- [Exercise directions] Each line from the one containing "CANNE COUP A" to the last line of the listing below is to be duplicated exactly, and no picture is to be carried over.
════════════════
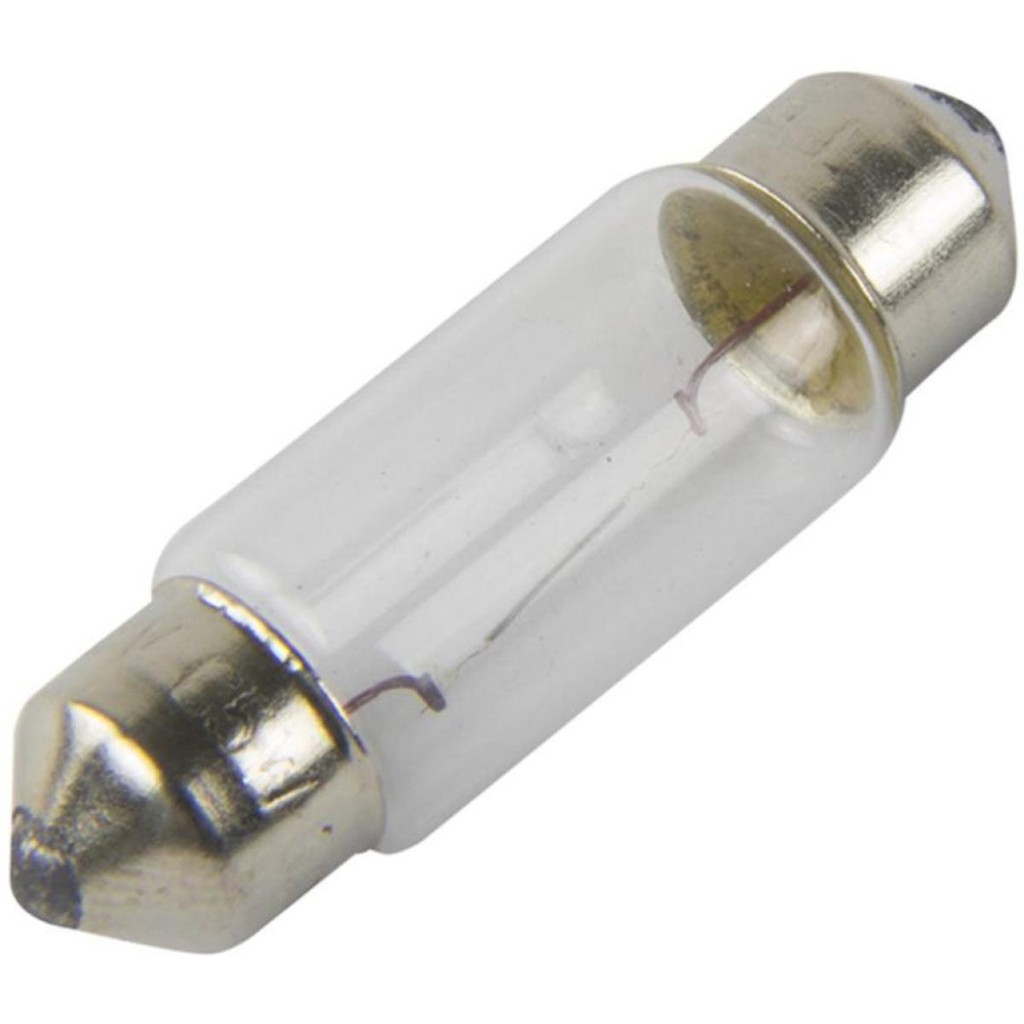 Lâmpada Luz Do Teto Volkswagen Polo Sedan 2002 a 2008 - Automobiles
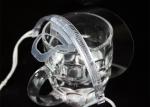 Disposable Plastic Respirato Anti-drool And Anti-fog Food Transparent Respirator
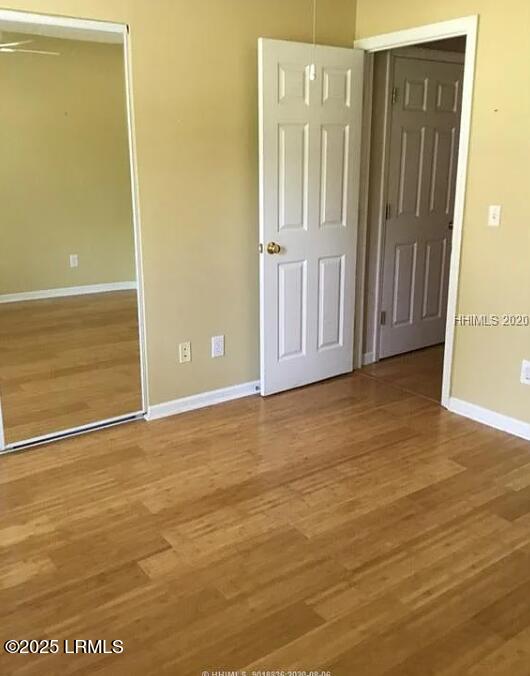 14 Arbormeade Circle Bluffton, SC 29910 - Photo 11 of 22 Screenshot_13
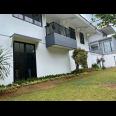 Dijual Rumah Mewah di Pondok Indah, Jakarta Selatan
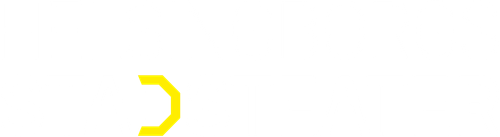Helsingborgs Stadsteater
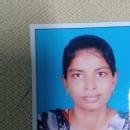 Photo of Gayathri S.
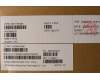 Lenovo 5M11H44226 MECH_ASM GRP KBD BZL,GRE,WW,DB,CHY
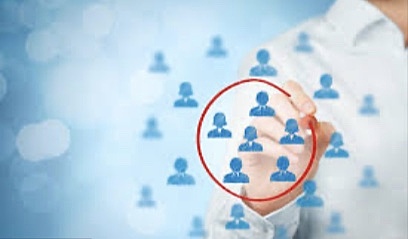 Internet como herramienta de la investigación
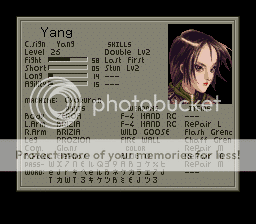 1285274543035.png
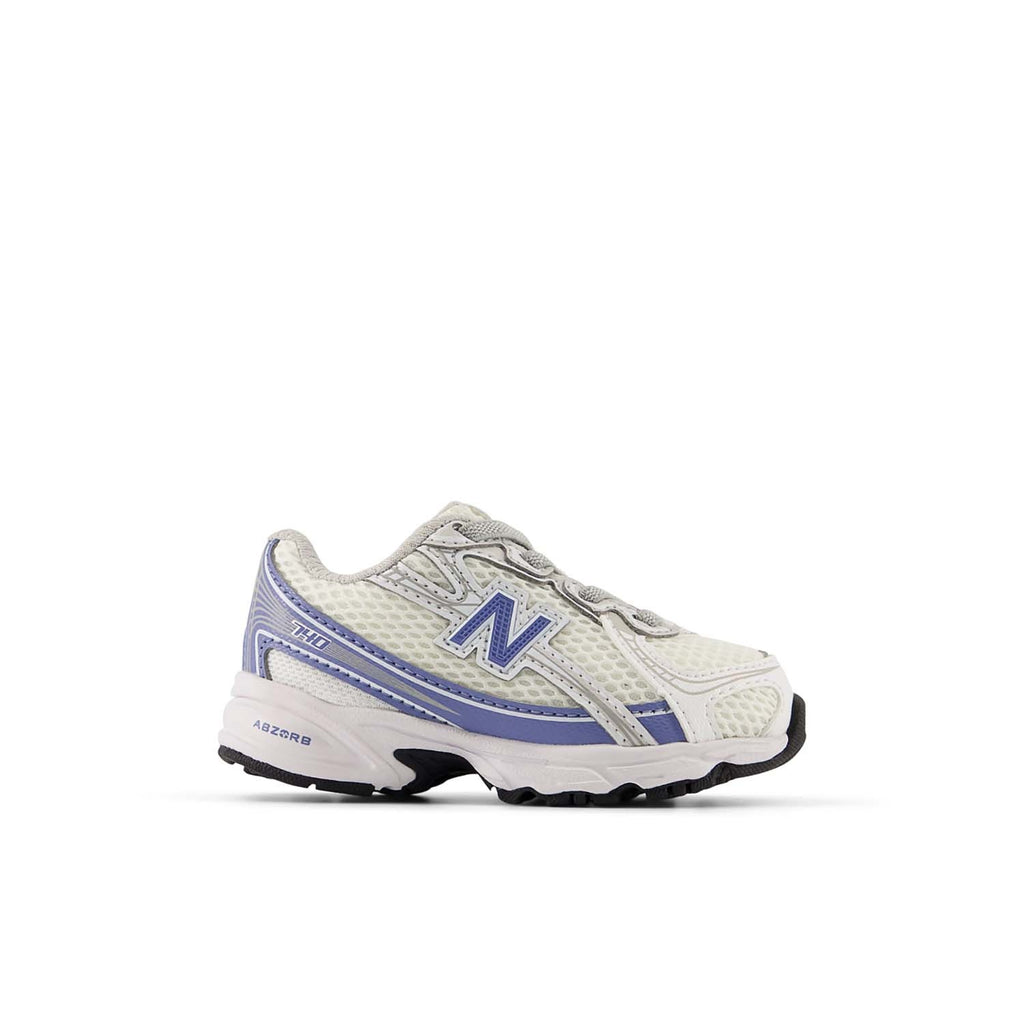 Sportcasual schoenen low kid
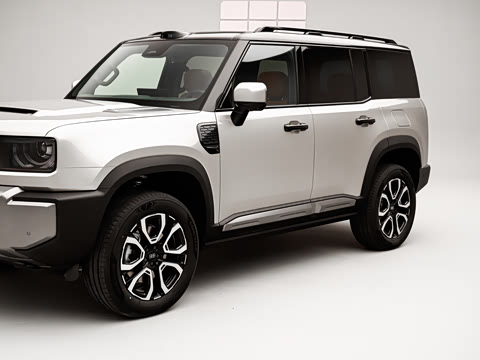 2026�� 2.0T ������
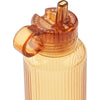 Liewood Abel water bottle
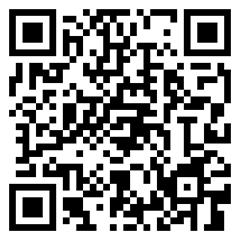 Scan Nijlande Image QR Code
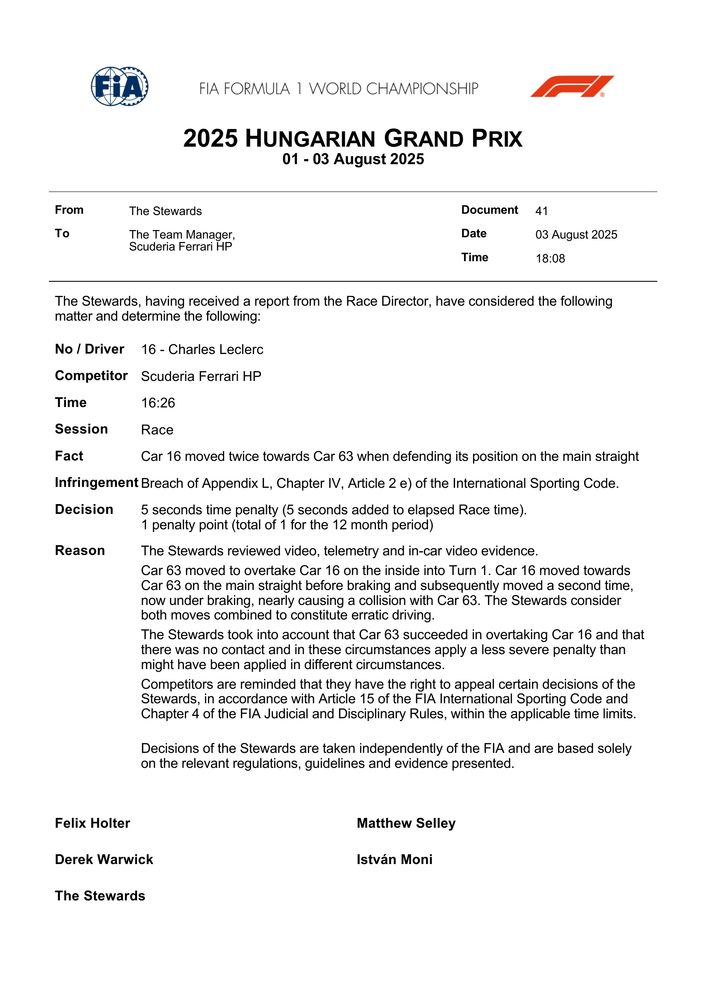 PDF Page 1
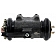Raybestos Brakes Wheel Cylinder - WC37323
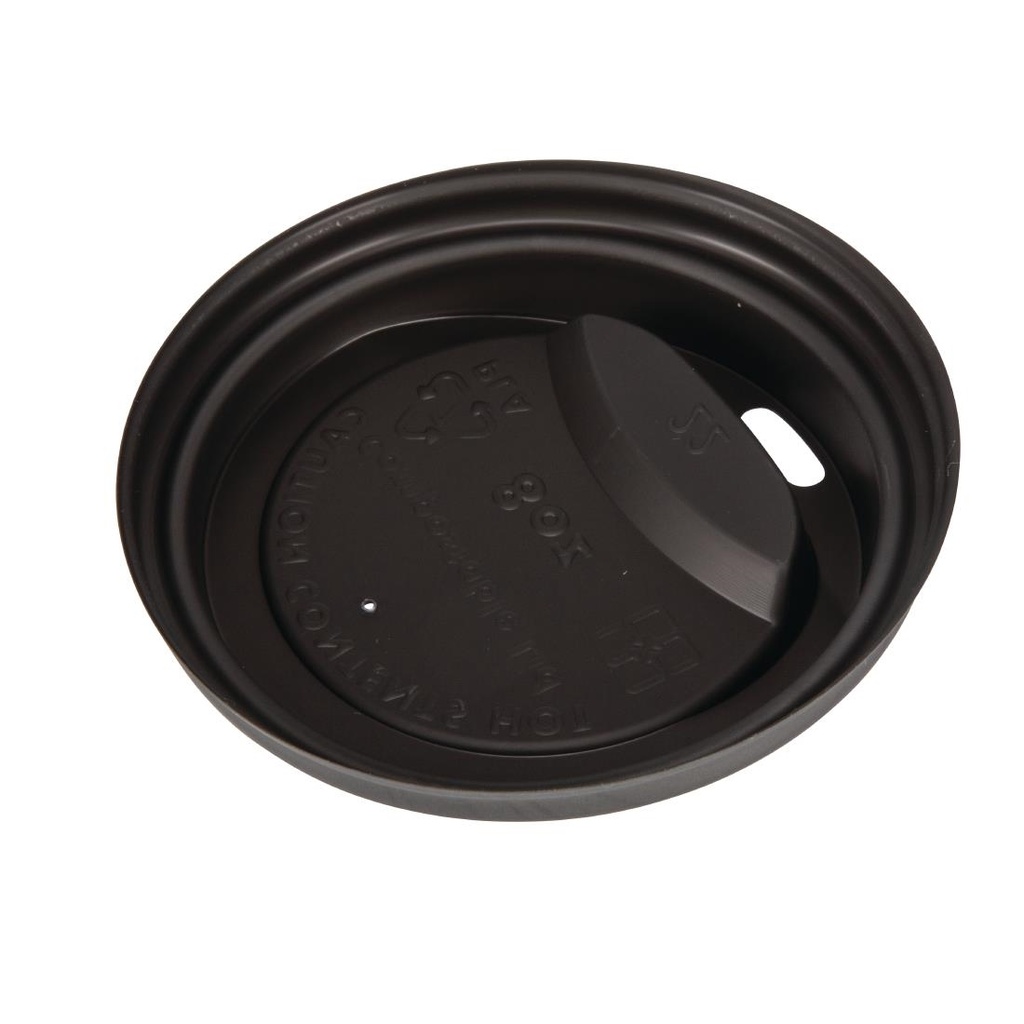 __import__Gastronoble__DS054-2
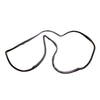 Nissan Fairlady Z 260Z 280Z 2+2 1974-1978 Rear Hatch Weatherstrip Seal
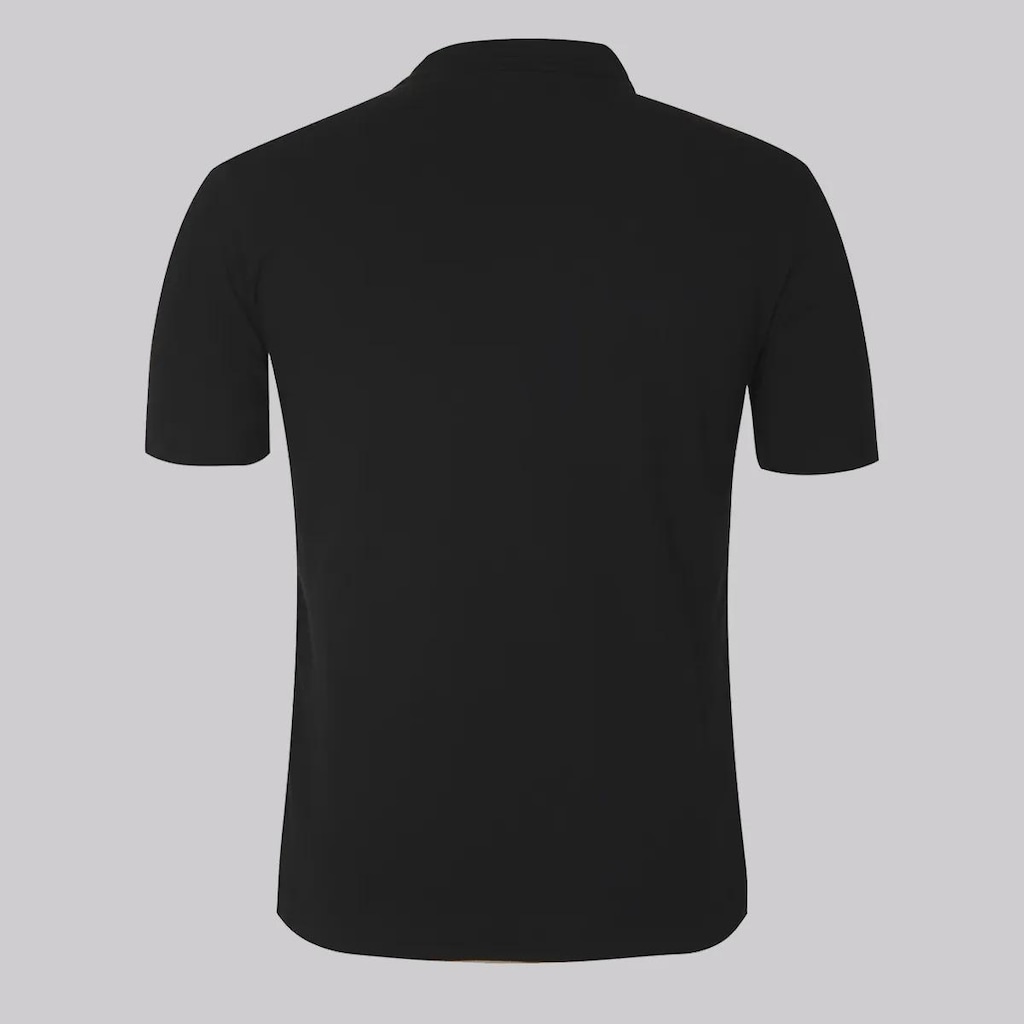 Imagem 2 do produto Camisa Polo do Grêmio 25/26 Umbro Viagem Masculina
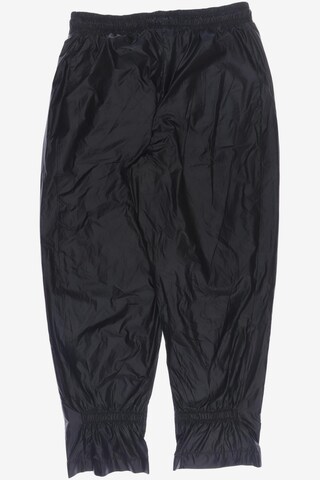 new balance Pants in L in Black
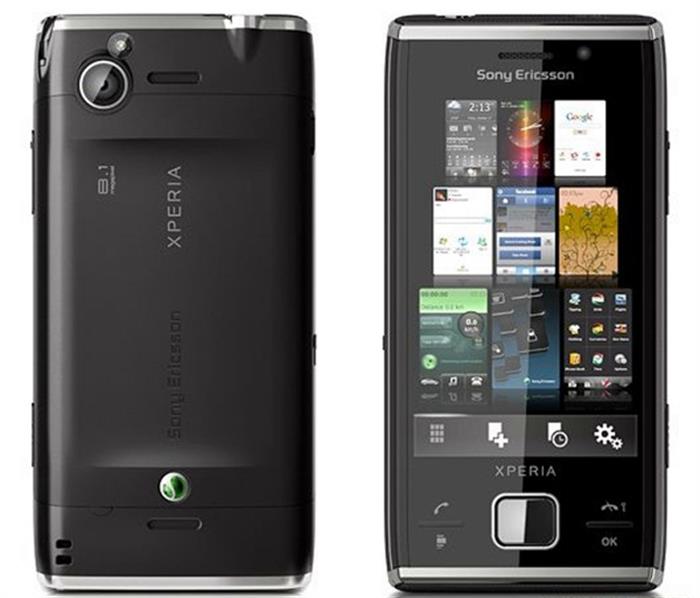 Se x 1. Sony Ericsson x2. Sony Xperia x2. Nokia Xperia x1. Xperia x2 дисплей.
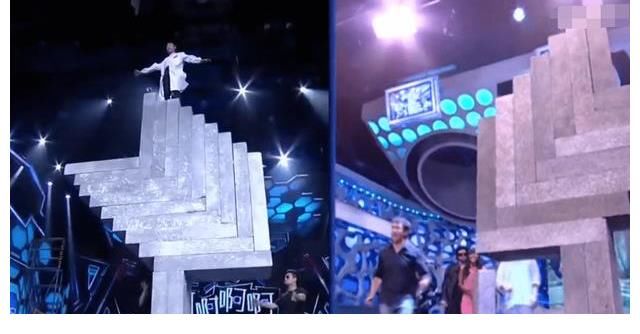 年入8亿,爆火24年,广告费比央视还贵,顶流综艺为何停播?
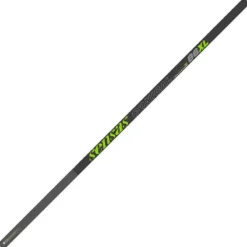 CANNE COUP A EMMANCHEMENT SENSAS NANOFLEX CONICAL 86 XL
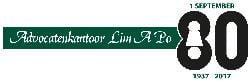 Lim A Po Law Firm Logo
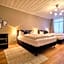 Hotel Roter Hahn
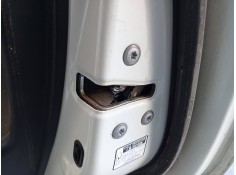 CERRADURA PUERTA TRASERA DERECHA 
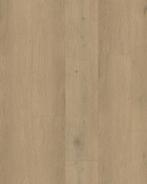 Plak pvc rechte plank naturel eiken |  Belakos Attico 870, Ophalen, Nieuw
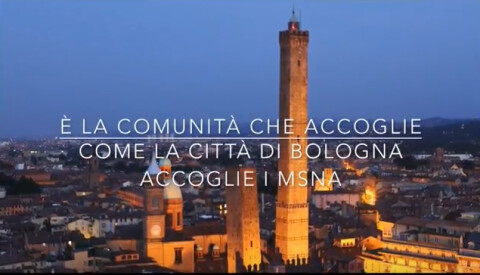 Protezione, tutela e diritti dei minori: un video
════════════════
- [Answer box]
 CANNE COUP A EMMANCHEMENT SENSAS NANOFLEX CONICAL 86 XL
 Lim A Po Law Firm Logo
 Hotel Roter Hahn
 CERRADURA PUERTA TRASERA DERECHA 
 Plak pvc rechte plank naturel eiken |  Belakos Attico 870, Ophalen, Nieuw
 Protezione, tutela e diritti dei minori: un video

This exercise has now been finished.